▸ WHAT TO PRODUCE:
Leaving out any pictures, transcribe every record exactly.
*** Opening of RECORD EXCERPTS ***
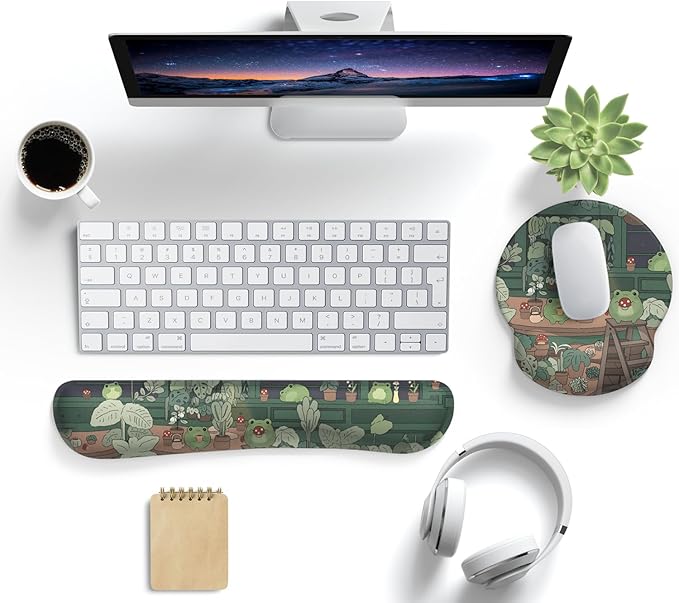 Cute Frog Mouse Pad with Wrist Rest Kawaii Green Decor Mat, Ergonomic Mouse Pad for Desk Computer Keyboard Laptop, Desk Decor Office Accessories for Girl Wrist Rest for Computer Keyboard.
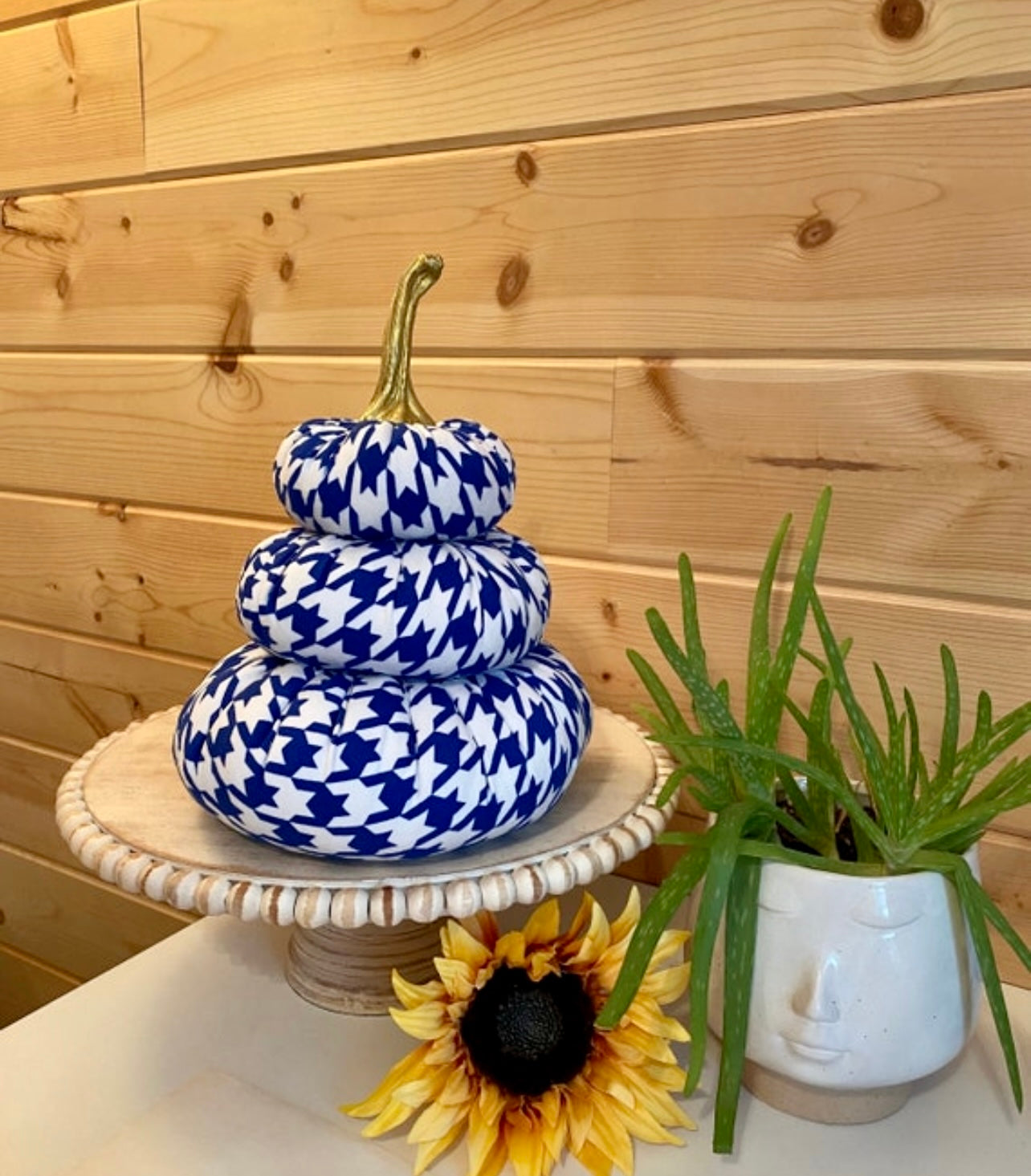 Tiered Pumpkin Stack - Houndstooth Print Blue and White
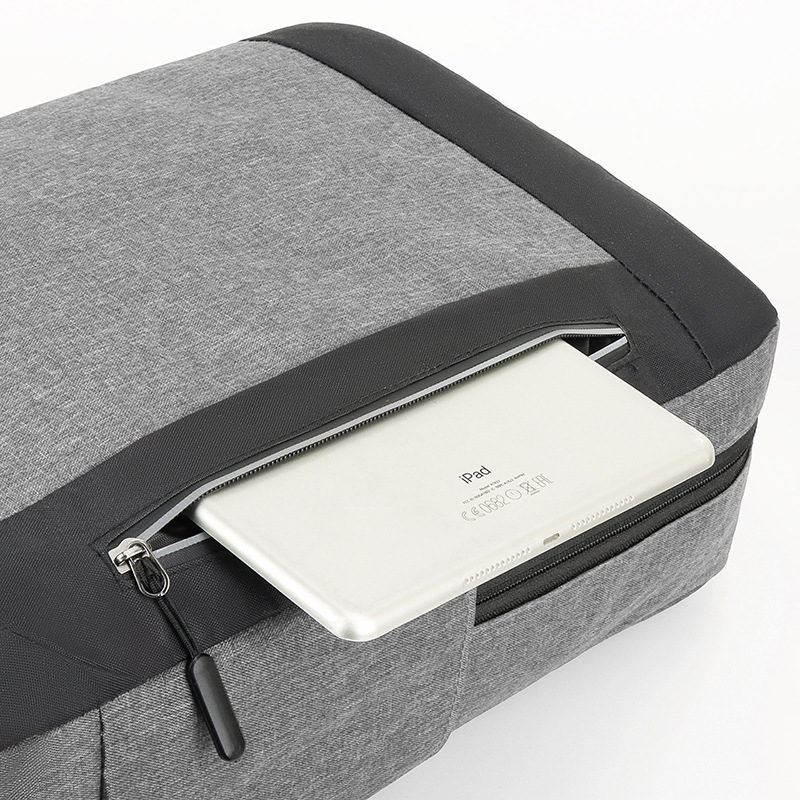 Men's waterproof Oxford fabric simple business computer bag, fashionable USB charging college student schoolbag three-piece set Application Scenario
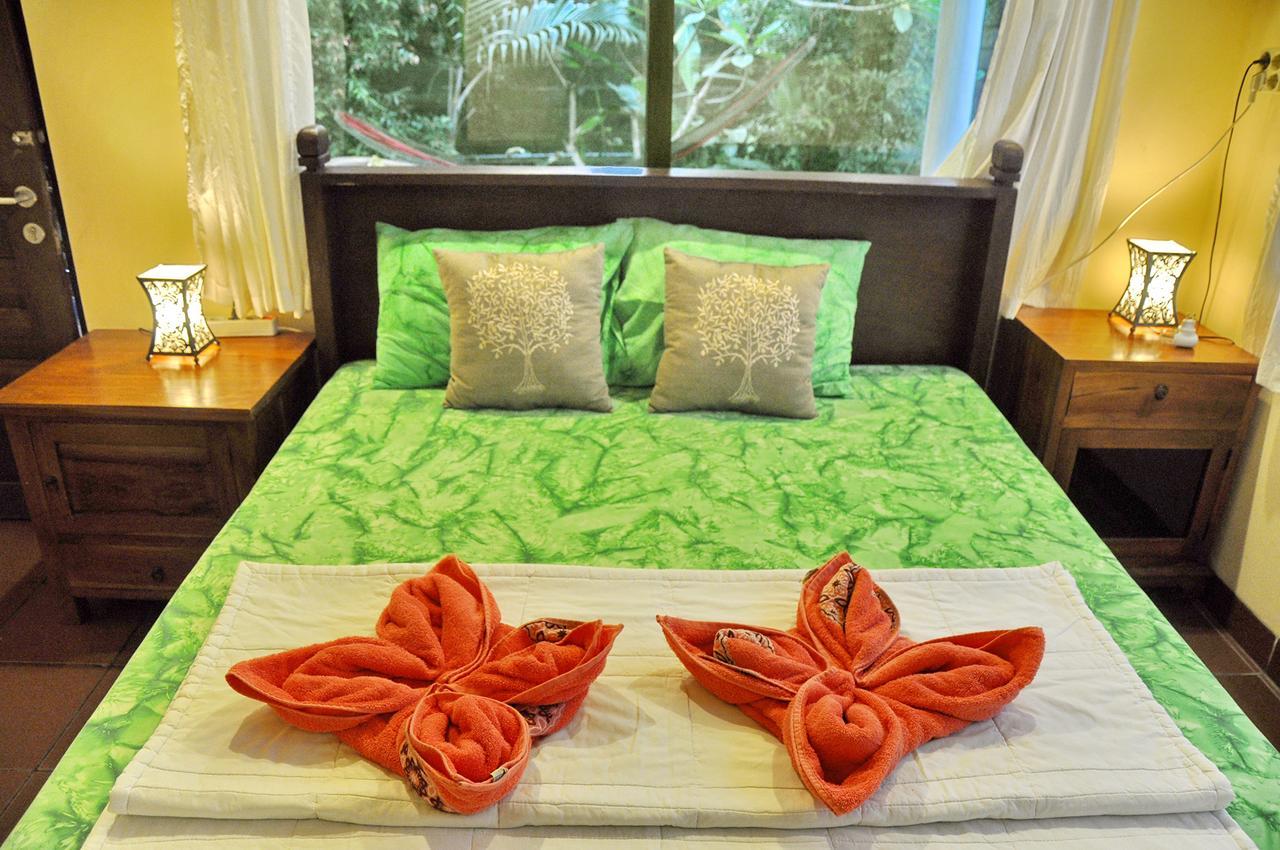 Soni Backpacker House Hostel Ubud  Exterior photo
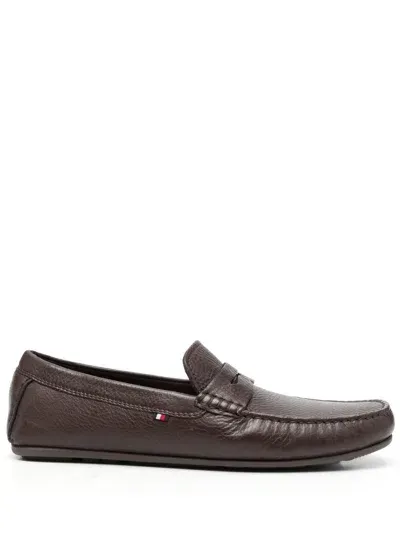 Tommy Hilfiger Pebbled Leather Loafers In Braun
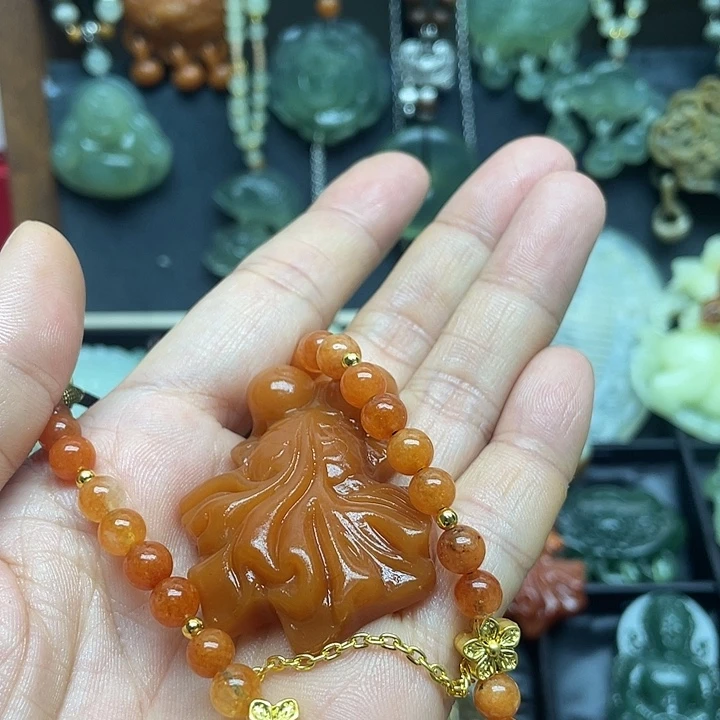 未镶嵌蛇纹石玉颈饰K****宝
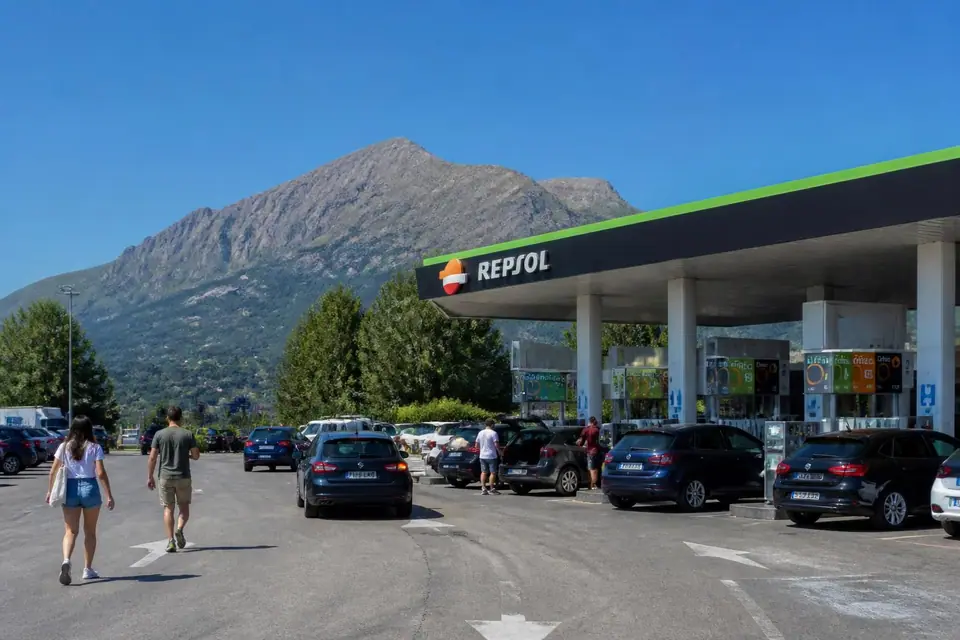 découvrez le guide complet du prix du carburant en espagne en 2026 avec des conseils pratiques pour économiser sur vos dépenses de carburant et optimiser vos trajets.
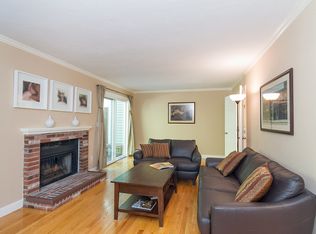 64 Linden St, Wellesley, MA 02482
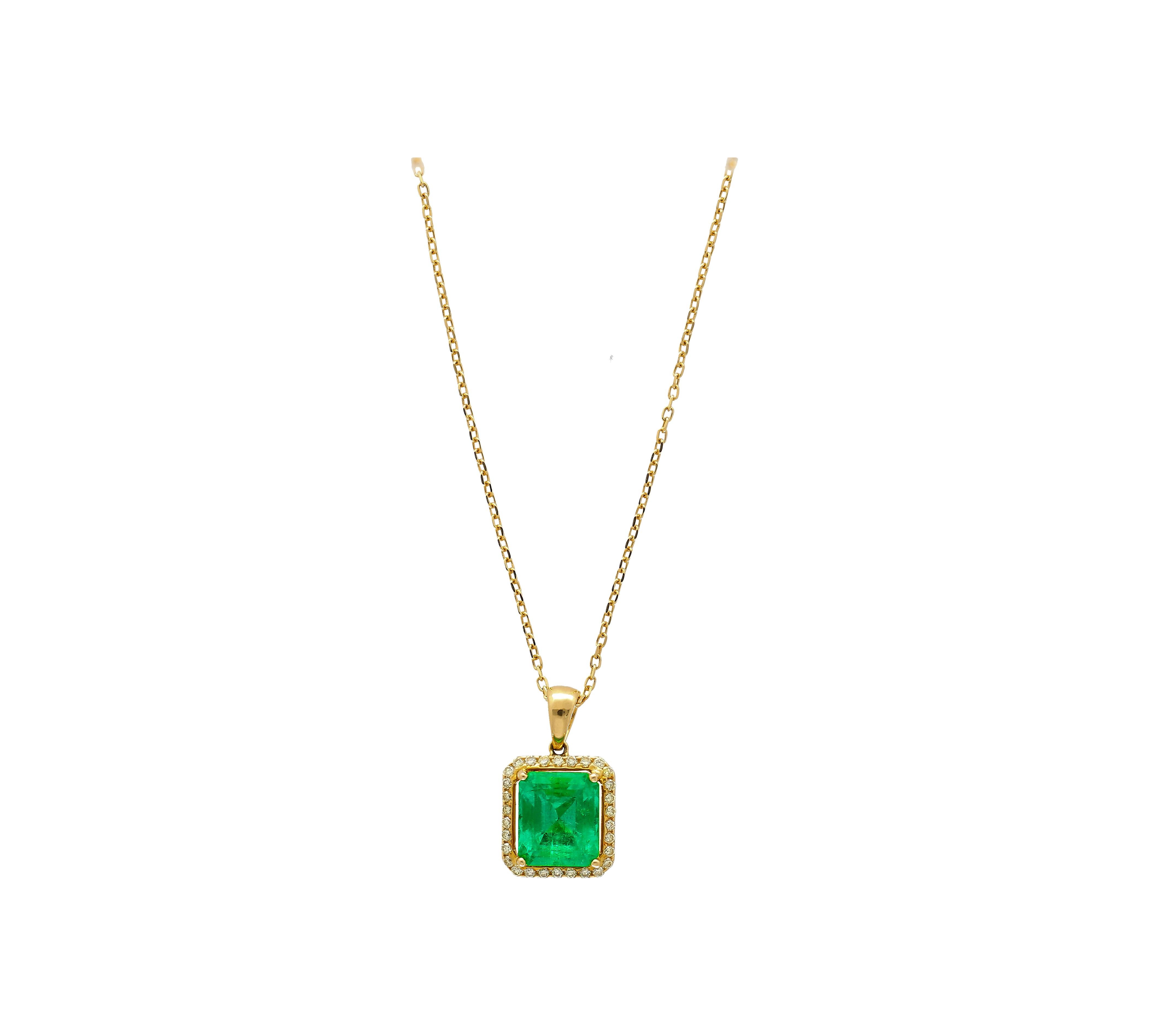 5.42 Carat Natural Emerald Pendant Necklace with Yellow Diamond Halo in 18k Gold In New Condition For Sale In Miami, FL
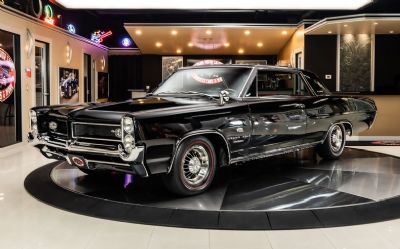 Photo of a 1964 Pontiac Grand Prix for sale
*** Close of RECORD EXCERPTS ***
▸ OUTPUT FOR THIS TASK:
 Cute Frog Mouse Pad with Wrist Rest Kawaii Green Decor Mat, Ergonomic Mouse Pad for Desk Computer Keyboard Laptop, Desk Decor Office Accessories for Girl Wrist Rest for Computer Keyboard.
 Tiered Pumpkin Stack - Houndstooth Print Blue and White
 Men's waterproof Oxford fabric simple business computer bag, fashionable USB charging college student schoolbag three-piece set Application Scenario
 Soni Backpacker House Hostel Ubud  Exterior photo
 Tommy Hilfiger Pebbled Leather Loafers In Braun
 未镶嵌蛇纹石玉颈饰K****宝
 découvrez le guide complet du prix du carburant en espagne en 2026 avec des conseils pratiques pour économiser sur vos dépenses de carburant et optimiser vos trajets.
 64 Linden St, Wellesley, MA 02482
 5.42 Carat Natural Emerald Pendant Necklace with Yellow Diamond Halo in 18k Gold In New Condition For Sale In Miami, FL
 Photo of a 1964 Pontiac Grand Prix for sale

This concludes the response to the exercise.